Mitsubishi Motors UK – Website Redesign
Reimagining a digital showroom that captures clarity, emotion, and the essence of every vehicle.
Project Overview
As Principal UX Designer, I led the end-to-end redesign of the Mitsubishi Motors UK website, reimagining how customers discover, explore, and connect with the brand online. The goal was to craft a modern, intuitive, and emotionally resonant digital experience that reflects Mitsubishi’s evolving identity — one that inspires confidence, drives engagement, and seamlessly supports vehicle enquiries, test drives, and sales conversions.

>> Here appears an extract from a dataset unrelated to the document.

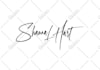 design handwritten, signature, scripted, cursive logo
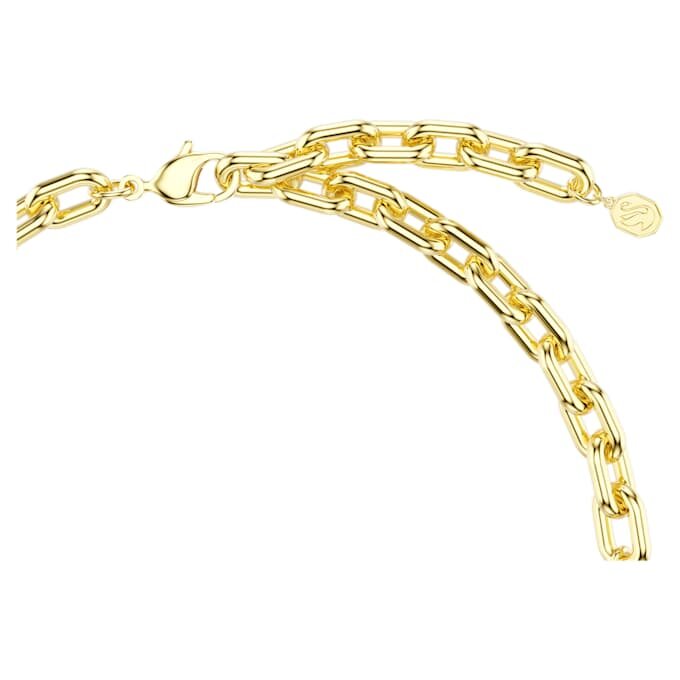 Colar Idyllia com cortes mistos, pavé, flor, multicolorido, banhado a ouro Colar Idyllia com cortes mistos, pavé, flor, multicolorido, banhado a ouro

Working closely with developers and UI designers, I focused on translating Mitsubishi’s brand heritage and innovation into a cohesive digital journey, ensuring every interaction felt purposeful, elegant, and effortless across devices.
Project Context Snapshot
Company:
Agency side Critical Mass — client Mitsubishi
Duration:
3 Months
Tools:
Sketch
Team:
Collaborated with UI Designers, Developers, and Digital Marketing stakeholders in an agile workflow. As Principal UX Designer, I led the experience strategy, interaction model, and design documentation.
Objective:
To redesign the Mitsubishi Motors website into a modern, emotionally engaging, and conversion-driven digital experience, increasing test drive bookings, vehicle configurations, and brand alignment across the UK market.
The Challenge
The previous Mitsubishi Motors UK website struggled to deliver a coherent or inspiring brand experience. Navigation was fragmented, the brand story diluted, and users found it difficult to find key information or book a test drive.
Through a competitive audit of Honda, Renault, and Volvo, I identified common UX pitfalls; illegible typography, unclear navigation, and uninspiring CTAs. These findings revealed a broader opportunity: to design a simpler, emotionally resonant online journey that helped users move seamlessly from curiosity to conversion.
Success was defined not only by improved performance metrics; such as increased test drive bookings and car configurations, but by creating a refined, brand-led experience that restored clarity and confidence across every touchpoint.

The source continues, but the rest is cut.